A markedly long tendon produces an abnormally high position of the patella on the femoral sulcus known as patella alta .
Motions of the Patella sagittal plane rotation of the patella as the patella travels (or “tracks”) down the intercondylar groove of the femur is termed patellar flexion. Knee extension brings the patella back to its original position in the femoral sulcus , with the apex of the patella pointing inferiorly at the end of the normal ROM. This patellar motion of gliding superiorly while rotating up and around the femoral condyles is referred to as patellar extension.

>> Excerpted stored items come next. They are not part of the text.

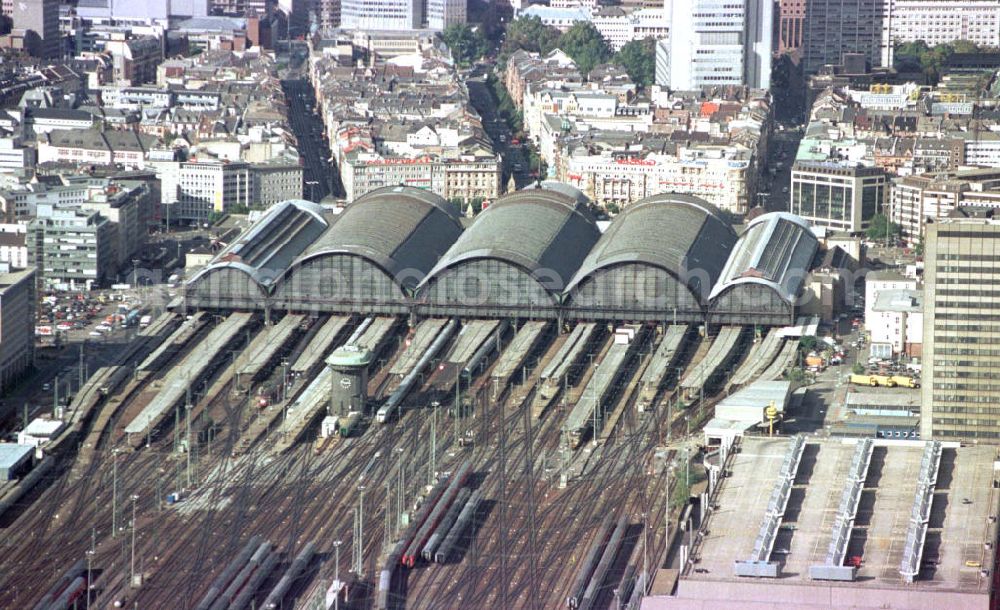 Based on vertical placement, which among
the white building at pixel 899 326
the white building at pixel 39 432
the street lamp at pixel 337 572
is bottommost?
the street lamp at pixel 337 572

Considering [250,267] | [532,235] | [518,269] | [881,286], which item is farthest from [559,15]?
[518,269]

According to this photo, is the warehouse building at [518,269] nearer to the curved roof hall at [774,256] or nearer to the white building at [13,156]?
the curved roof hall at [774,256]

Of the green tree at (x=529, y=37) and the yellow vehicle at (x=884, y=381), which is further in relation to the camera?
the green tree at (x=529, y=37)

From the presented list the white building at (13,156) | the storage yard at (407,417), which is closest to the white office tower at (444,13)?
the white building at (13,156)

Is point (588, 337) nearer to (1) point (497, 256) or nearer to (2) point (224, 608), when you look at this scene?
(1) point (497, 256)

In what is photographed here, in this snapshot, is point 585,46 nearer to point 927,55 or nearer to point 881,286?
point 927,55

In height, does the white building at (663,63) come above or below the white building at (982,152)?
above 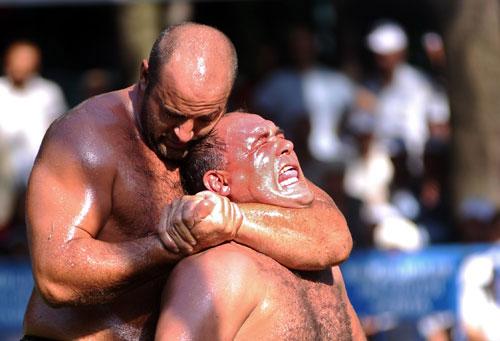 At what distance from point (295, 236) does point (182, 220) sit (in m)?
0.54

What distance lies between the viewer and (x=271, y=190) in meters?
5.14

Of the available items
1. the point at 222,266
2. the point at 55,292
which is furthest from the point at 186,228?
the point at 55,292

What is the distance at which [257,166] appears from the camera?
5141 mm

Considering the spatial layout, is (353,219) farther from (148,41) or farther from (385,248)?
(148,41)

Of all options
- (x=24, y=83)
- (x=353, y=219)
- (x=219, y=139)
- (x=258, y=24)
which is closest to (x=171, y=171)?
(x=219, y=139)

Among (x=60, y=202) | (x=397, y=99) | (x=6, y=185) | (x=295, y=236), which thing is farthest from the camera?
(x=397, y=99)

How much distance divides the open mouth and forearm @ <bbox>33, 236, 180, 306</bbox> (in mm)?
574

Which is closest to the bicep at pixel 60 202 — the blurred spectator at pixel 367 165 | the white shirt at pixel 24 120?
the white shirt at pixel 24 120

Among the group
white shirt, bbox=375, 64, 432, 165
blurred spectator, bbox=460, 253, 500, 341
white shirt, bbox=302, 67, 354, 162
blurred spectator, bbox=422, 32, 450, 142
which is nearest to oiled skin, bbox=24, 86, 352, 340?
blurred spectator, bbox=460, 253, 500, 341

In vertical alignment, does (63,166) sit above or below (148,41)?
above

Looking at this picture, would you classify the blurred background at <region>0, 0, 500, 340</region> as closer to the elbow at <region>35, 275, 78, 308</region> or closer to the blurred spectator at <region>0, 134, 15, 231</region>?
the blurred spectator at <region>0, 134, 15, 231</region>

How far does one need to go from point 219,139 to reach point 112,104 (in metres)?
0.47

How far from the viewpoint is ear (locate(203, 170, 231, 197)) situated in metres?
5.14

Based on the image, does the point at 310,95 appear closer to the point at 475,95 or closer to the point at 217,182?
the point at 475,95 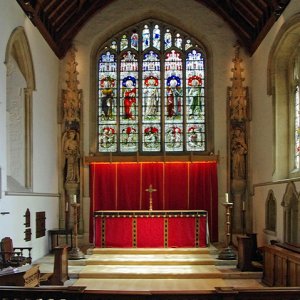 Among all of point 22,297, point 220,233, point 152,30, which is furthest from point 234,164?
point 22,297

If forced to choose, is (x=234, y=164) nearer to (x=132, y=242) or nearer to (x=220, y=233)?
(x=220, y=233)

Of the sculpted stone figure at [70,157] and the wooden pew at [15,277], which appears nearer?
the wooden pew at [15,277]

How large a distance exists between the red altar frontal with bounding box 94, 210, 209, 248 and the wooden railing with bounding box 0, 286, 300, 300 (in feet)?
27.4

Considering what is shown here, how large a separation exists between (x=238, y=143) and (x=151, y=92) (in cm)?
279

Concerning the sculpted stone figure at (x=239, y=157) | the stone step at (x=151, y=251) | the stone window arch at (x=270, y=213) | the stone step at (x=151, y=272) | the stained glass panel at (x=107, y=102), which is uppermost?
the stained glass panel at (x=107, y=102)

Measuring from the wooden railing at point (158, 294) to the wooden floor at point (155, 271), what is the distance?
487 centimetres

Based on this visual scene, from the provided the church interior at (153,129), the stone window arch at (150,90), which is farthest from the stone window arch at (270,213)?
the stone window arch at (150,90)

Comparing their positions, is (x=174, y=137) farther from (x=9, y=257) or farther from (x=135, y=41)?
(x=9, y=257)

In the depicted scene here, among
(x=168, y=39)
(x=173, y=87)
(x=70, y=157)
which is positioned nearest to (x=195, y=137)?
(x=173, y=87)

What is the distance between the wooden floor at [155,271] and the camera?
9992 millimetres

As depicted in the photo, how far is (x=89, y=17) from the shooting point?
1527 cm

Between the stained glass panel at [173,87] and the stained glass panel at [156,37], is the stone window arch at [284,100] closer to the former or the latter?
the stained glass panel at [173,87]

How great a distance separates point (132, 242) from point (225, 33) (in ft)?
20.5

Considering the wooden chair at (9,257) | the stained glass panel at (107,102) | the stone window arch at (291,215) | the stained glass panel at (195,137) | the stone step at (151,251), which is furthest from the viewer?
the stained glass panel at (107,102) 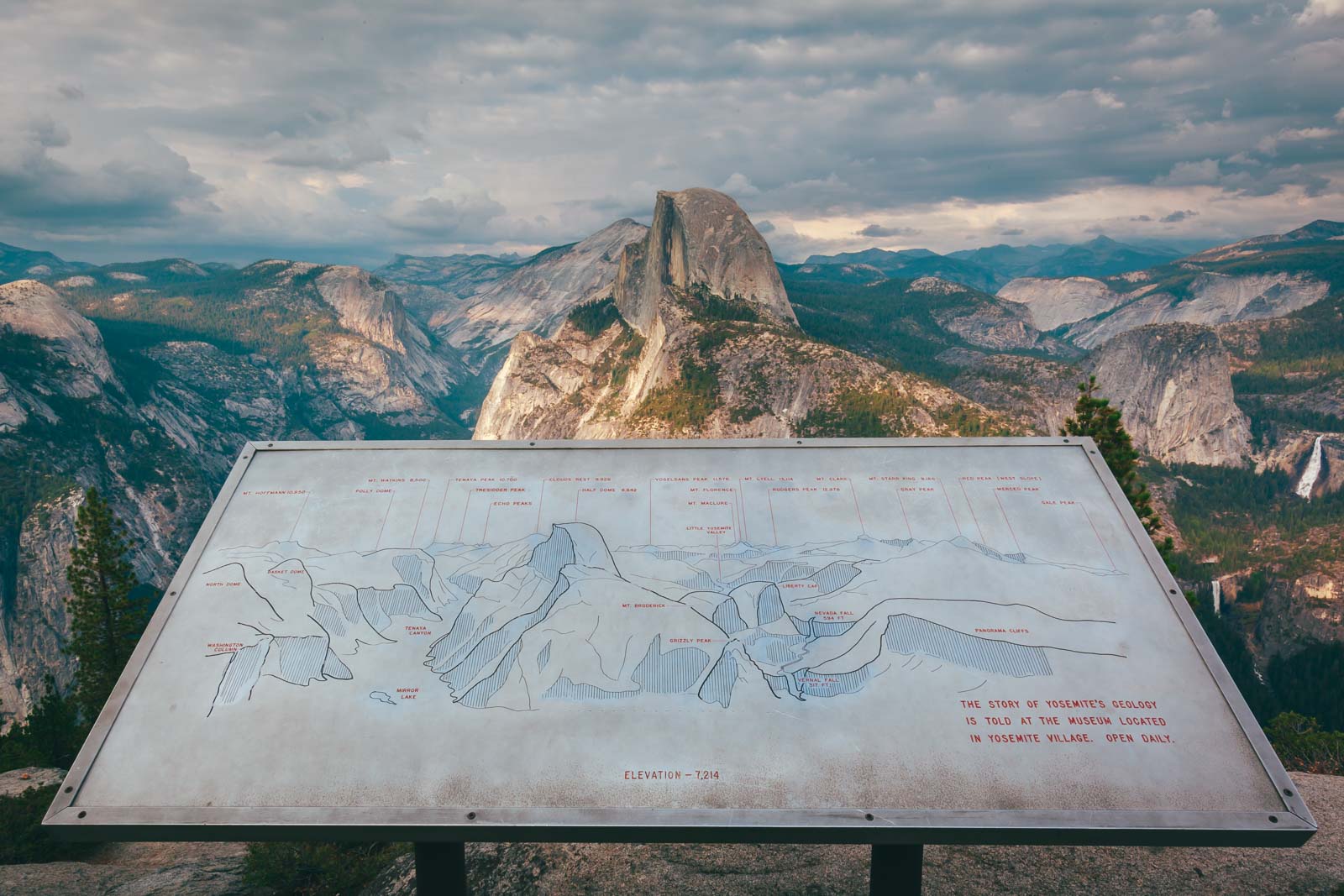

the patella tilts around a longitudinal axis (proximal to distal through the patella), shifts medially and laterally in the frontal plane, spins or rotates around an anteroposterior axis (perpendicular to the patella).
As knee flexion is initiated, the patella is pushed medially by the large lateral femoral condyle . As knee flexion proceeds past 30°, the patella may shift slightly laterally or remain fairly stable. Failure of the patella to glide, tilt, rotate, or shift appropriately can lead to restrictions in knee joint ROM, maltracking of the patellofemoral joint, or pain caused by compression of the patellofemoral articular surfaces.
Q-Angle The net effect of the pull of the quadriceps and the patellar ligament can be assessed clinically using a measurement called the Q-angle (quadriceps angle). The Q-angle is the angle formed between a line connecting the anterior superior iliac spine to the midpoint of the patella (representing the direction of pull of the quadriceps) and a line connecting the tibial tuberosity and the midpoint of the patella.
A Q-angle of 10° to 15° measured with the knee either in full extension or slightly flexed is considered normal.
women have a slightly greater Q-angle than do men because of the presence of a wider pelvis, increased femoral anteversion , and a relative knee valgus angle.